Grace, mercy, and peace to you from God our Father, and from our Lord and Savior, Jesus Christ. Amen.
I know they’re well-intentioned. I’m sure they’re just trying to be helpful. I’m confident that their purpose is nothing more than to clarify God’s Word and help us find things easily.
Yet, more and more there are days on which I find myself wanting to take a bottle of correction fluid and cover over all of those little section titles we find in our modern Bible translations. You know the ones I mean: Every few verses, there’s a little heading inserted, telling you what you are about to read in the verses which follow. Look in your own Bibles, and I’m sure you’ll see what I mean. Almost every popular translation and printing in the last few decades has them, and in some cases they’ve even been incorporated in translations which date back several centuries.
In most cases, these descriptions are accurate, and they do help break the text into smaller, more easily-digestible chunks. They’re helpful to us in more rapidly finding certain topics upon the written page, in the same way that chapter numbers and verse numbers give us a systematic method of organizing and zeroing-in on specific sections of the text. These headings, of course, just like the numbering system, aren’t actually part of the Bible.
There are, you’ll find, sometimes unfortunate breaks in the text due to the chapter and verse numberings, too—breaks that can give us a false sense of the continuity of the topics and ideas in God’s Word.
At least the numbering system doesn’t attempt to guide our interpretation of the text, though. Sometimes the headings have a tendency to do that. By breaking the narrative or the poetry into those convenient chunks and giving those chunks names of human origin, there’s a chance that we will sometimes view the Bible wrongly. We can start to see it as a series of isolated vignettes, an anthology of one-act plays or one-man shows. Worse still, it can begin to be broken down into a collection of pithy wisdom and inspirational sayings, rather than the over-arching record of the message of God’s eternal and ongoing work of providence and salvation.

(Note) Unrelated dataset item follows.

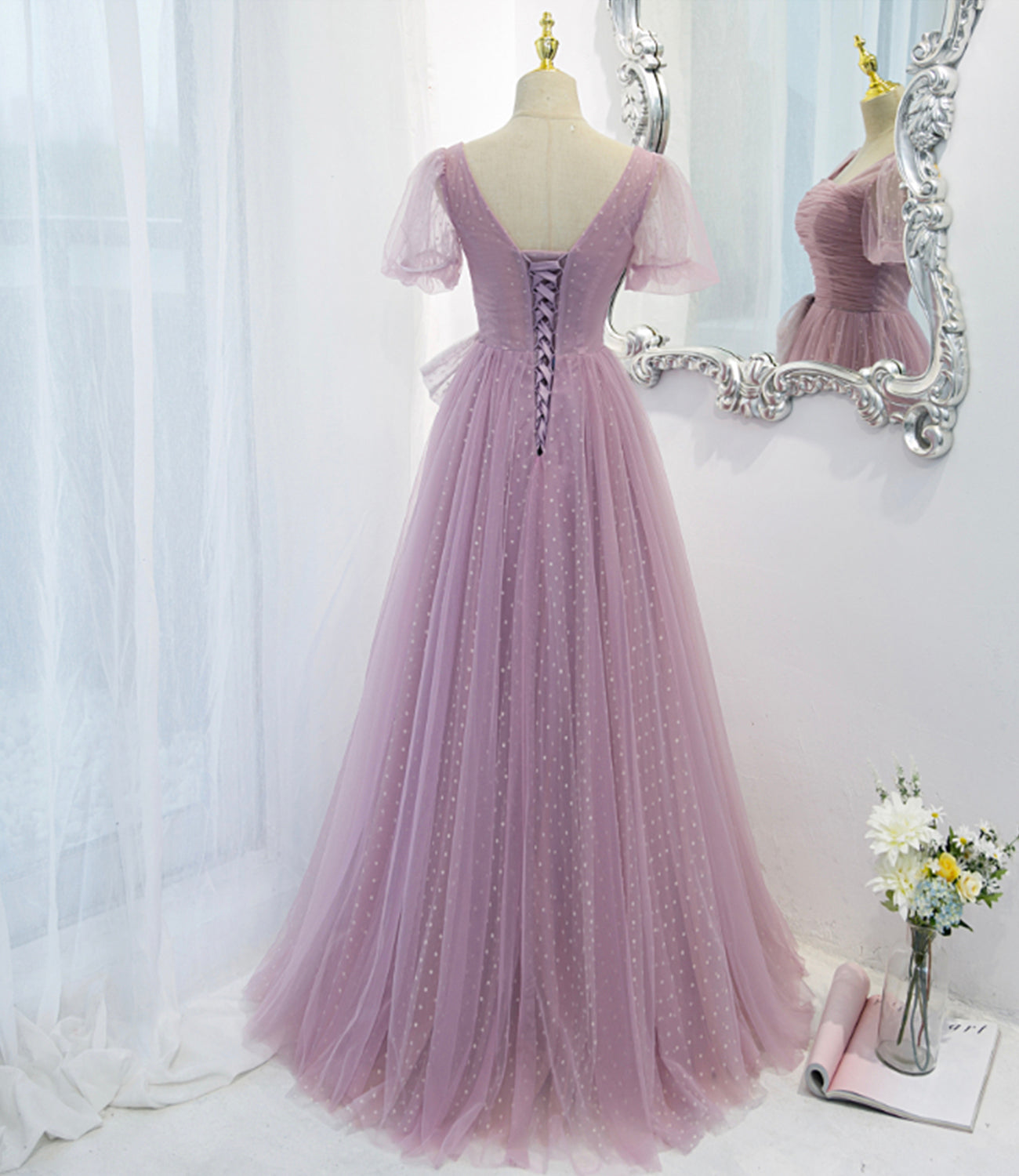 Purple tulle long A line prom dress evening dress 8820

Our Gospel lesson for this 8th Sunday after the Epiphany runs this danger in many modern translations of the Bible. Most of them insert a section title or heading in between the 24th and 25th verses of Matthew 6; something on the order of, “do not be anxious,” or “do not worry.” Good advice to the believer, to be sure, and a good summary of the text which follows, for here Jesus tells His hearers not to worry about food or clothing or the future. He tells them that such concerns are indications of a weakened faith, of having mixed-up priorities.
And what is sin, after all, but a lack of faith in God, and a demonstration of bad priorities about that which He gives? We worry about so much in this world, and Jesus points to just a few of our basic concerns here. In worrying about such things and so much more, we question God’s goodness and provision, and we show that our priorities are for quickly-fleeting comforts, rather than lasting, eternal joy.

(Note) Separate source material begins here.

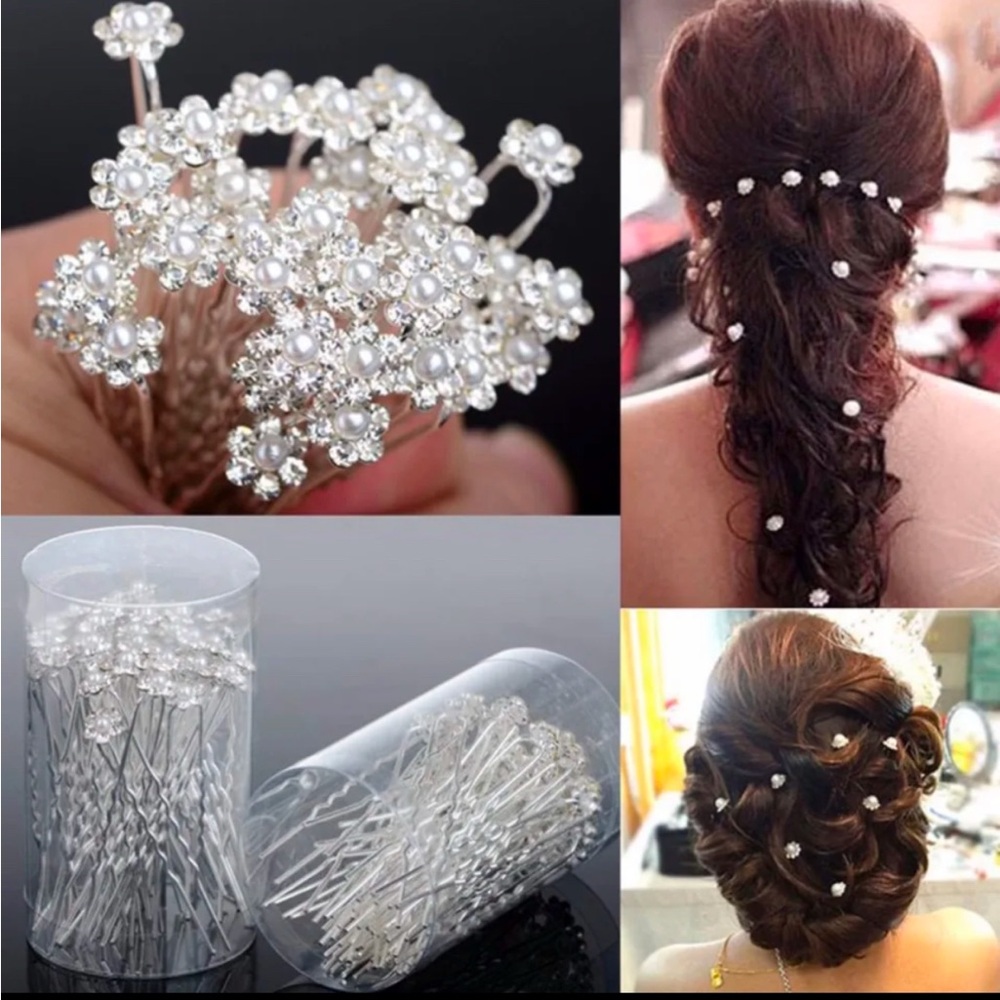 20 pieces Elegant Silver Floral Hair Pins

What’s more, Jesus points out that our worries and concerns accuse God of having His priorities mixed up, too.
Does God worry more about generously feeding the birds or beautifully clothing the flowers than He does about us, the crown of His creation? It seems we think so sometimes, based on our behavior. That’s why it’s so important that we not let that artificial break between verses 24 and 25 lead us further astray. You see, verse 25 starts with a “therefore,” from Jesus. He’s drawing a conclusion for us, explaining why our understanding of His words ought to be a certain way. To break that conclusion off from the teaching of Jesus which precedes it would cause us miss a key point He was trying to make.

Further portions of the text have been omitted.